**Supplied entries**:
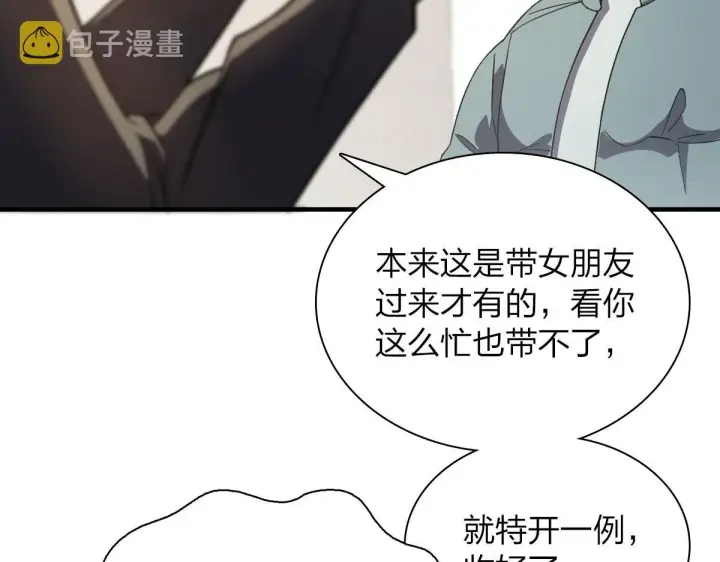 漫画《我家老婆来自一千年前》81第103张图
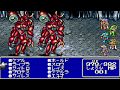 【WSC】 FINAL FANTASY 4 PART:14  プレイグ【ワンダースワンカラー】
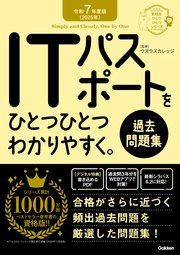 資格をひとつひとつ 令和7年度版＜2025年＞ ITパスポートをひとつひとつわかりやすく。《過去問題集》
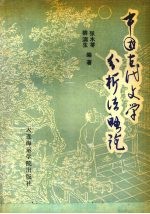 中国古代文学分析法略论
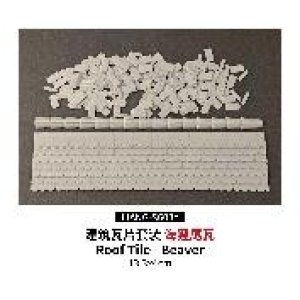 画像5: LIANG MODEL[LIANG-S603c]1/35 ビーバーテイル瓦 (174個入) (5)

---

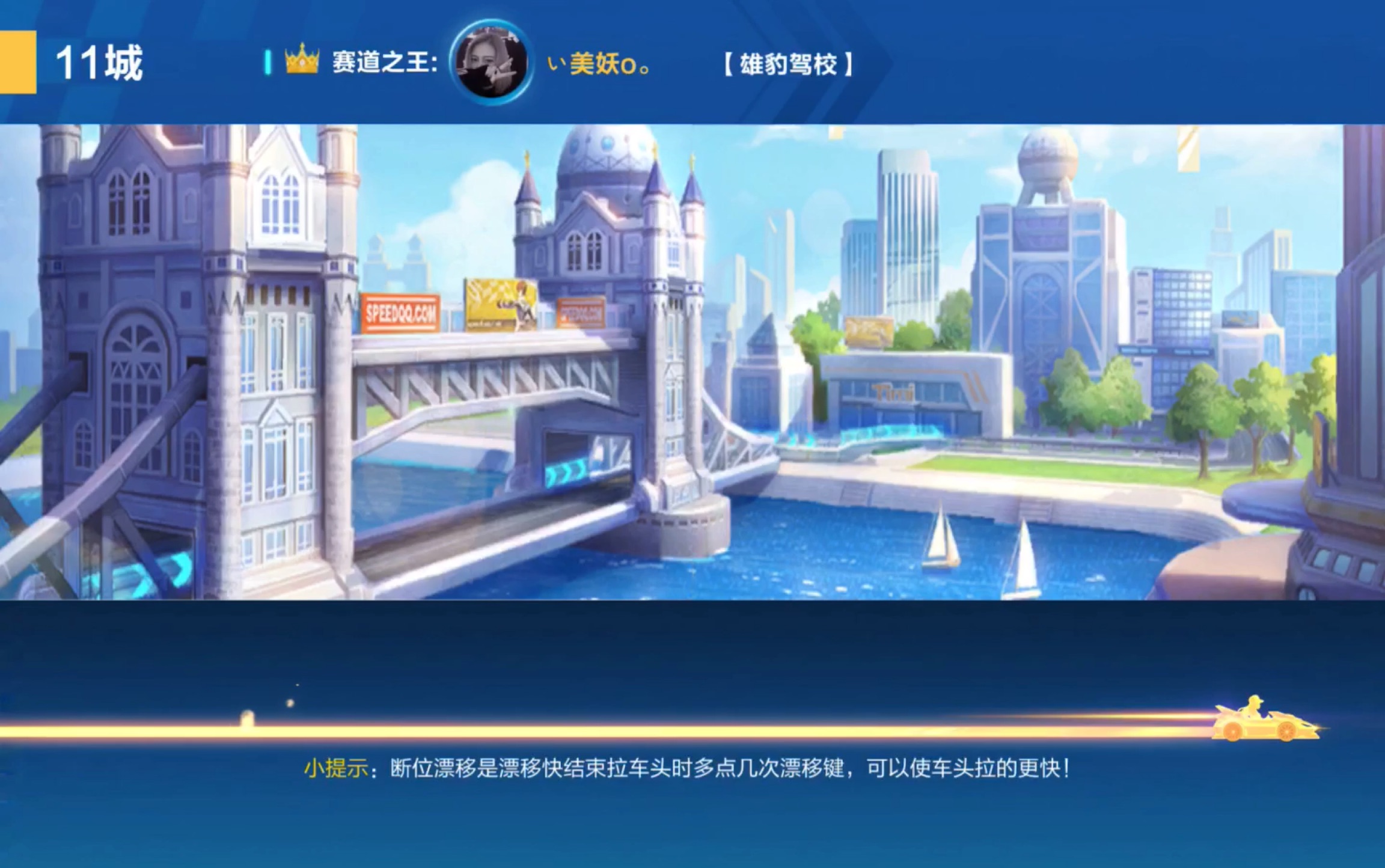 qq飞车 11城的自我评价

**Exercise instructions**: For this exercise, transcribe exactly the part of the records above that opens with the line containing "中国古代文学分析法略论" and closes with the one containing "画像5: LIANG MODEL[LIANG-S603c]1/35". Pictures are not part of the copy.

**Exercise result**:
 中国古代文学分析法略论
 画像5: LIANG MODEL[LIANG-S603c]1/35 ビーバーテイル瓦 (174個入) (5)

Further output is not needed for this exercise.